People of all income levels; there are no income restrictions.
Any U.S. resident who is 18 years or older, has a U.S. mailing and legal address, and a Social Security number or Tax ID
Who can be a beneficiary?
Anyone who has a Social Security number or Tax ID
A future college student of any age—the beneficiary can even be the same person who sets up the account.
Investing by grandparents and others
Grandparents or others who wish to contribute to a child’s college savings plan may want to open a 529 plan account.
The owner of the account, also known as the participant, controls the account, including investment decisions and the distribution of assets.
The account owner can take advantage of possible gift and estate tax benefits.
Grandparents, other relatives, or nonrelatives can also gift to an existing account.
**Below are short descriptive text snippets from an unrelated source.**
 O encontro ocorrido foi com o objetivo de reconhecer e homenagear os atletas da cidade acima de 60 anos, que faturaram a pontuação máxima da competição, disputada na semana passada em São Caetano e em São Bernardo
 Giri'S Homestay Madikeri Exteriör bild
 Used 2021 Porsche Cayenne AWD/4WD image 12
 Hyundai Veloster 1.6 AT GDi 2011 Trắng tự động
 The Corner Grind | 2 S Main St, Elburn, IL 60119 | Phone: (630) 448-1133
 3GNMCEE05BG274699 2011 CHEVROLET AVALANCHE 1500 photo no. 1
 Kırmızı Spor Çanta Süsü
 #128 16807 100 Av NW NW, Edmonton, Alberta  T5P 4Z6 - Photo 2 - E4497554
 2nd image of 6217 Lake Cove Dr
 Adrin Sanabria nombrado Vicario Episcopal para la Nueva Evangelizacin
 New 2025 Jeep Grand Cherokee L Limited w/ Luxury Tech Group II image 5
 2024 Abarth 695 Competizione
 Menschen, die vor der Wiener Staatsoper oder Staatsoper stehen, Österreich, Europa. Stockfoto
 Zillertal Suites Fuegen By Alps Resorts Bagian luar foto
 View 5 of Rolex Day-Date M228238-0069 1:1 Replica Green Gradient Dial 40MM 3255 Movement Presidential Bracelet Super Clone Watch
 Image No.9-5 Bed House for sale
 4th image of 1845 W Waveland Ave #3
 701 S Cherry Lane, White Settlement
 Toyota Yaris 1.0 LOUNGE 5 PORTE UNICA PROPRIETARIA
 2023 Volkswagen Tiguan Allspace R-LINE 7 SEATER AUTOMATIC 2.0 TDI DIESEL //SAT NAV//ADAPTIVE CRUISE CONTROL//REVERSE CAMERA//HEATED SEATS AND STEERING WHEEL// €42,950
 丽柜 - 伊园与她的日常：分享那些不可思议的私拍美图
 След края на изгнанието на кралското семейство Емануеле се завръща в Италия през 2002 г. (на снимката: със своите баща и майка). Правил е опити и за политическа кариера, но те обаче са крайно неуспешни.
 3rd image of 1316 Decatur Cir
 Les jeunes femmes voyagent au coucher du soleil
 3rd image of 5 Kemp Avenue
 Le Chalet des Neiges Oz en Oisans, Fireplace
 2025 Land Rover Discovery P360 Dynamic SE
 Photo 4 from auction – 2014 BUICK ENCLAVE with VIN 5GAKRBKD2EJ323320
In fact, account owners can enroll in our free College Gifting program that provides a page for family and friends to easily contribute a gift electronically; plus a separate, private dashboard where the account owner can make edits, send invitations, track gifts, and more.
Gift and estate planning benefits
Contribute up to $70,000 ($140,000 per married couple) per beneficiary in a single year without the money being subject to the federal gift tax.*
Once assets are in the account, they are generally considered to be no longer part of the account owner’s estate.
Professional money management
Investors in Fidelity-managed 529 plans may benefit from Fidelity's professional money management.
Depending on your investment choice, 529 portfolio assets may be invested entirely in Fidelity mutual funds, an interest-bearing bank deposit portfolio, or in funds managed by several different companies, including Fidelity.
Control of assets and distributions
The account owner maintains ownership of the account until the money is withdrawn.
Withdrawals from a 529 account can be taken at any time for any reason. However, if the money is not used for qualified higher education expenses, any earnings are subject to federal income taxes at the recipient’s rate. A 10% federal penalty tax and possibly state or local tax are also added.
If the beneficiary receives a scholarship or attends a U.S. military academy, the scholarship amount or cost of attendance can be withdrawn from the 529 plan account and the 10% federal penalty tax does not apply. However, the earnings are subject to any other applicable taxes, including federal income tax.